Dataset section:
- - -
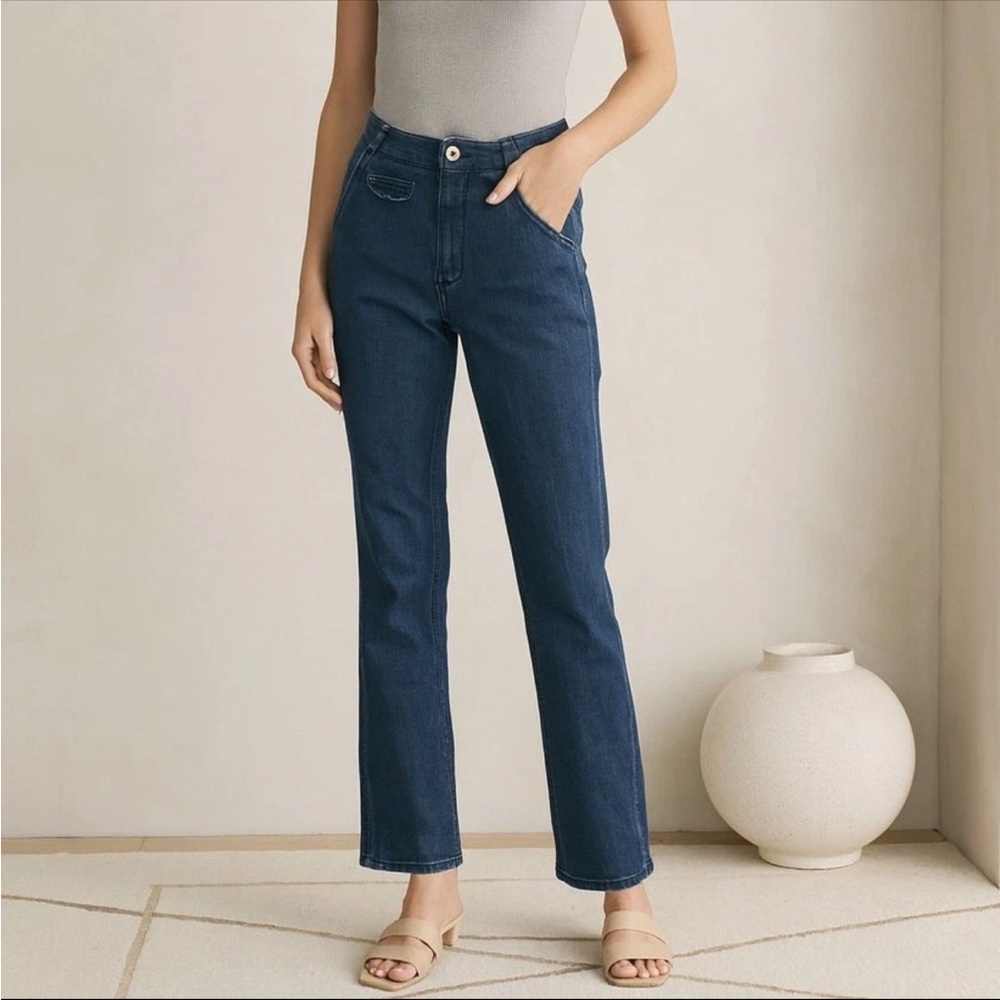 Anthropologie Pilcro Denim Trouser Pant Cotton Blend 31T Dark Wash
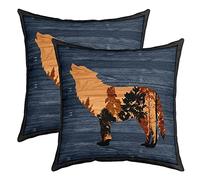 Loussiesd Cute Wolf Throw Pillow Covers for Sofa Bed Set of 2 Wolves Howling Decorative Pillows Cushion Covers Animal Wolves Forest Blue Brown Pillow Inserts Not Included 22x22 Inch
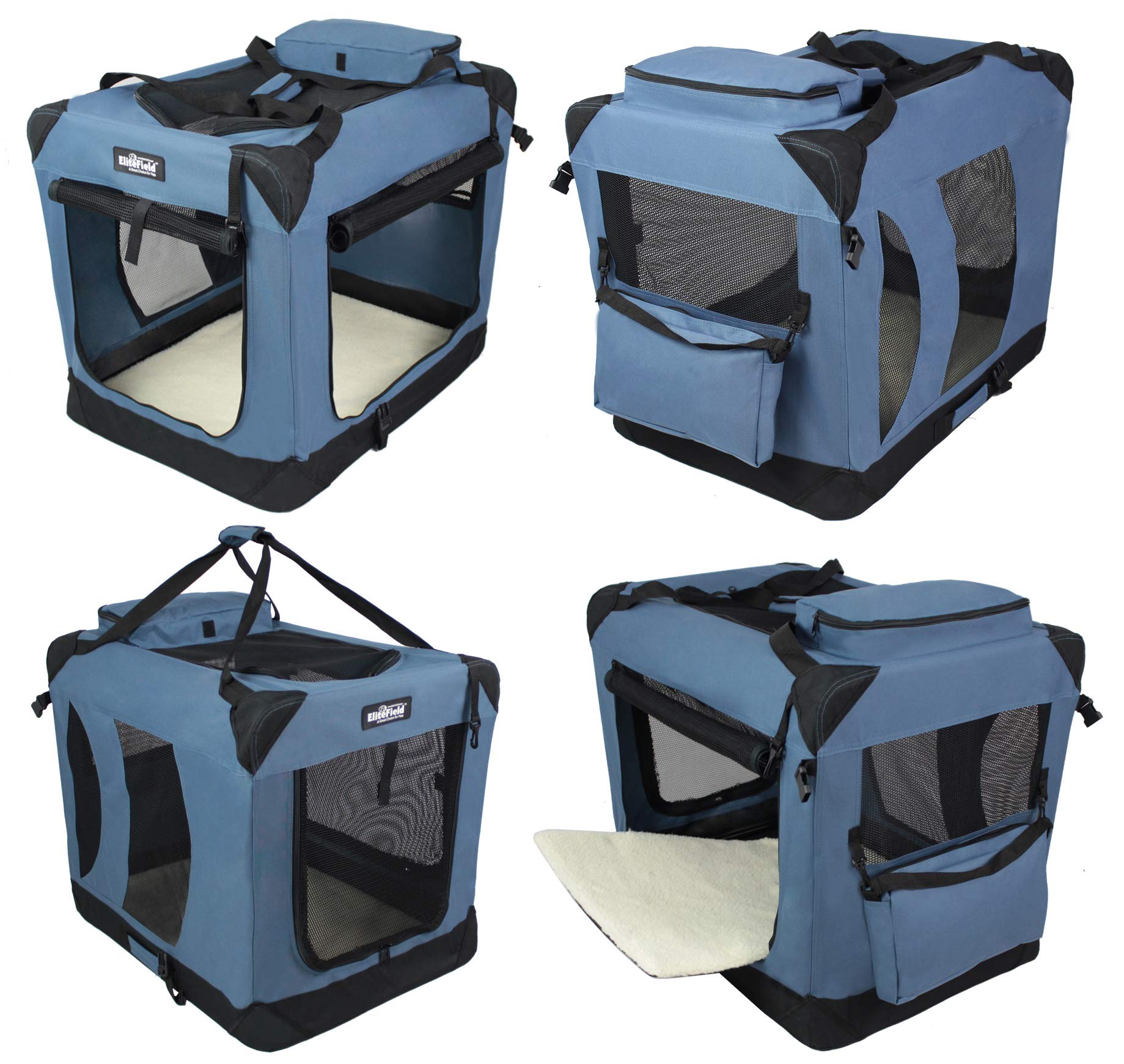 EliteField soft crate carrying bag adds convenient travel options.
- - -
Work instructions:
All the lines above are to be given again exactly as they read, with the pictures removed.

Result:
 Anthropologie Pilcro Denim Trouser Pant Cotton Blend 31T Dark Wash
 Loussiesd Cute Wolf Throw Pillow Covers for Sofa Bed Set of 2 Wolves Howling Decorative Pillows Cushion Covers Animal Wolves Forest Blue Brown Pillow Inserts Not Included 22x22 Inch
 EliteField soft crate carrying bag adds convenient travel options.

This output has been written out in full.